> **DATA SECTION**:
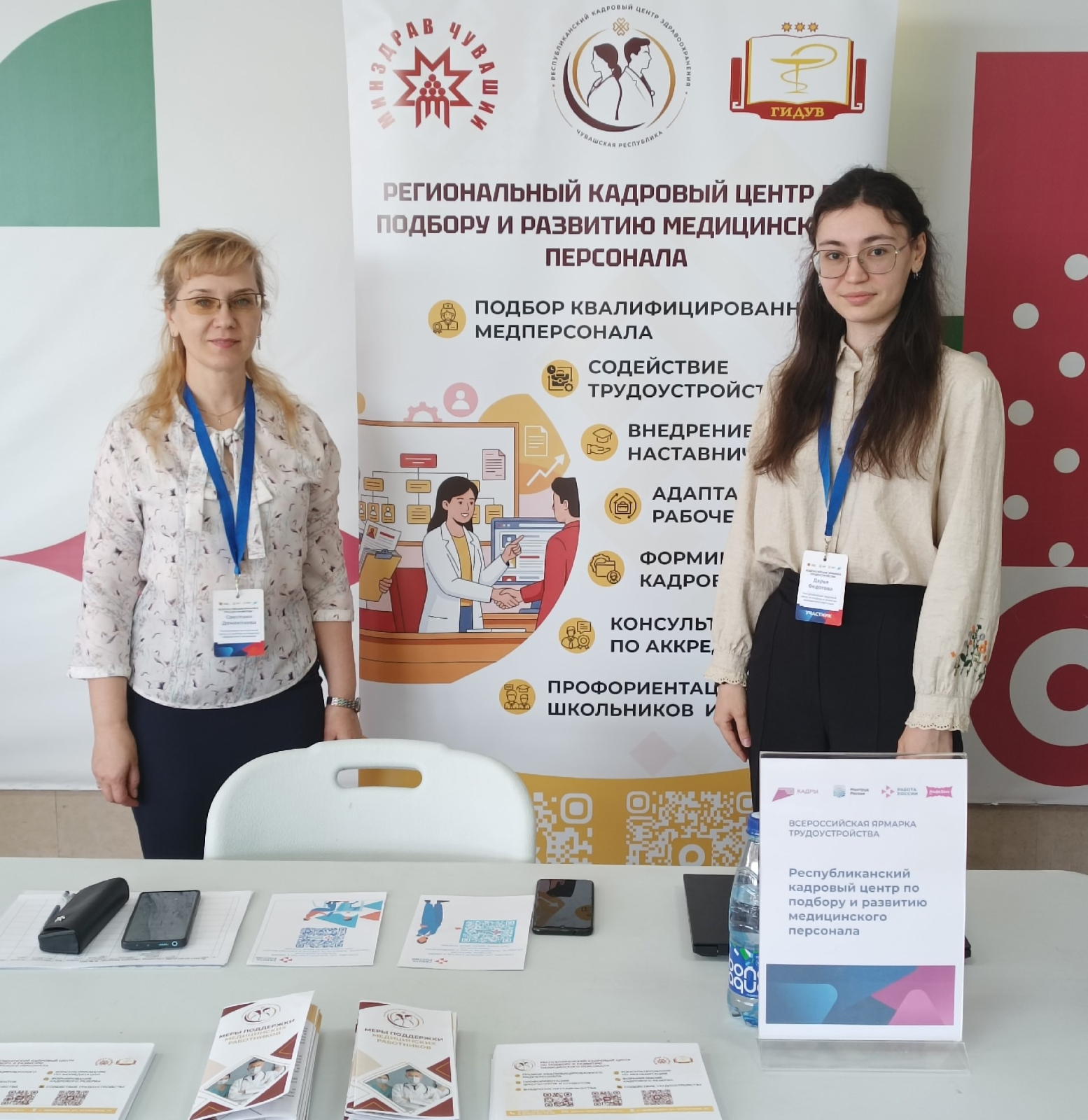 Специалисты Республиканского кадрового центра по подбору и развитию медицинского персонала приняли участие в IV Всероссийской ярмарке трудоустройства «Работа России. Время возможностей»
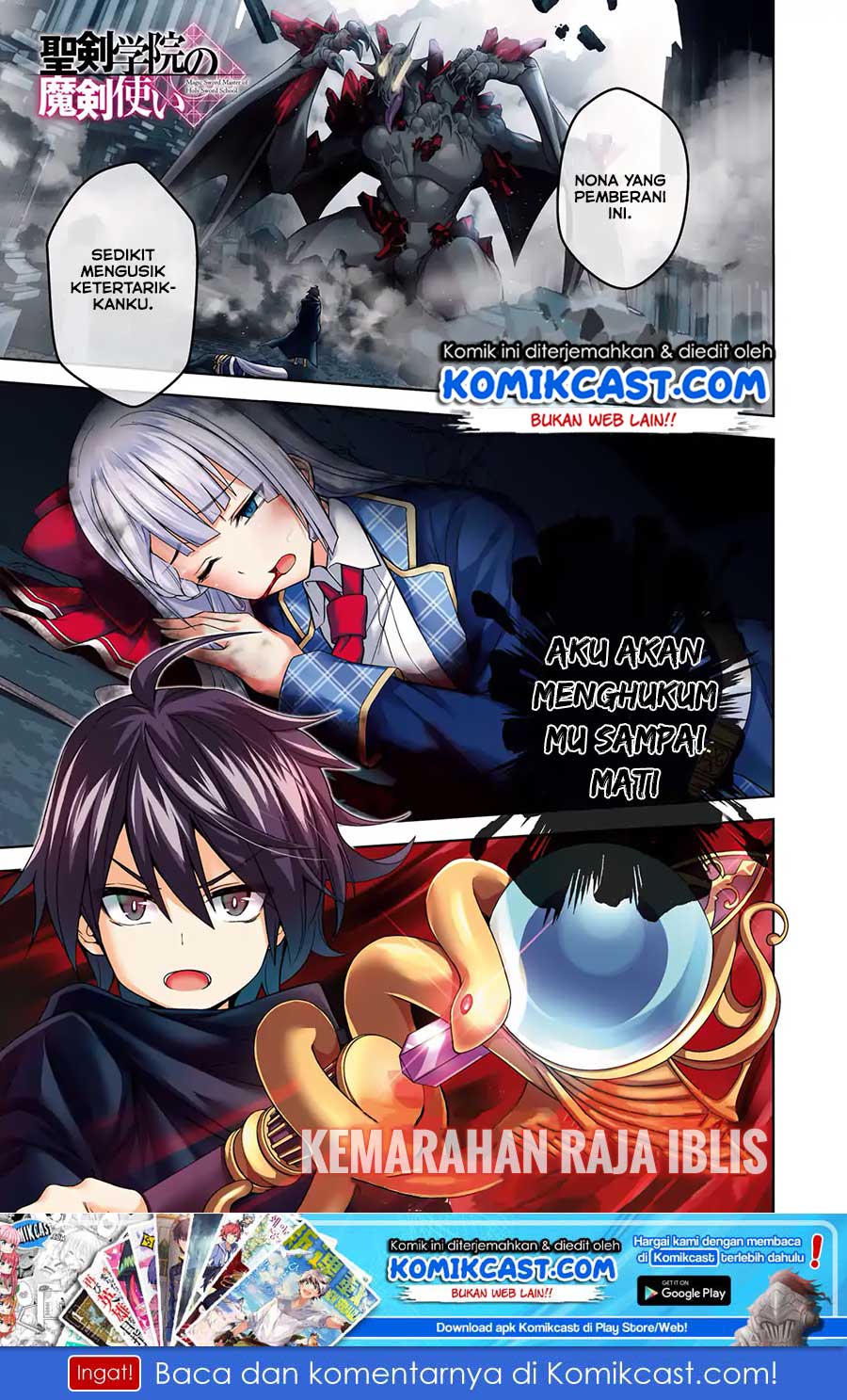Seiken Gakuin no Maken Tsukai Chapter 1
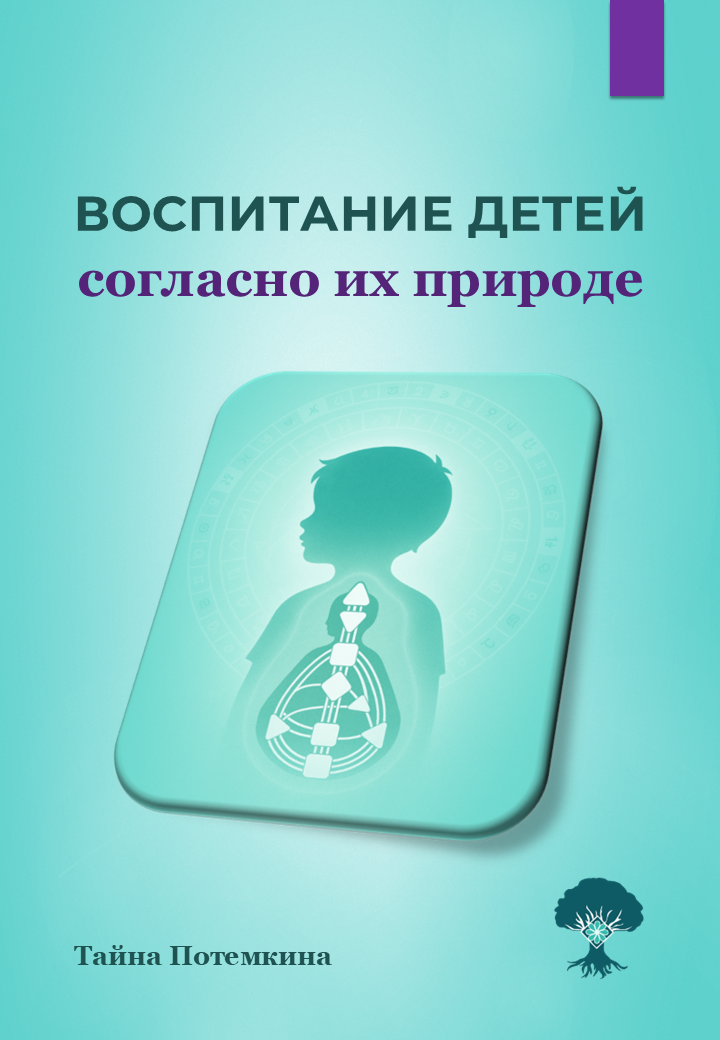 Воспитание детей. Обложка Воспитание детей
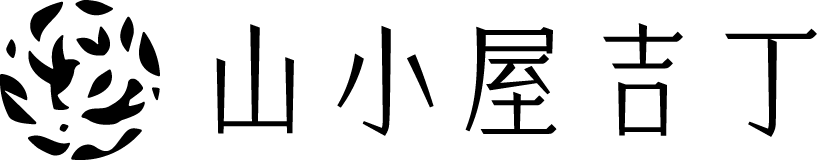 山小屋吉丁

> **TASK GOAL**: Exactly the lines from the line with "Seiken Gakuin no Maken Tsukai Chapter 1" through the last line of the listing, both included, should be extracted, and the pictures left behind.

> **ANSWER BOX**:
Seiken Gakuin no Maken Tsukai Chapter 1
 Воспитание детей. Обложка Воспитание детей
 山小屋吉丁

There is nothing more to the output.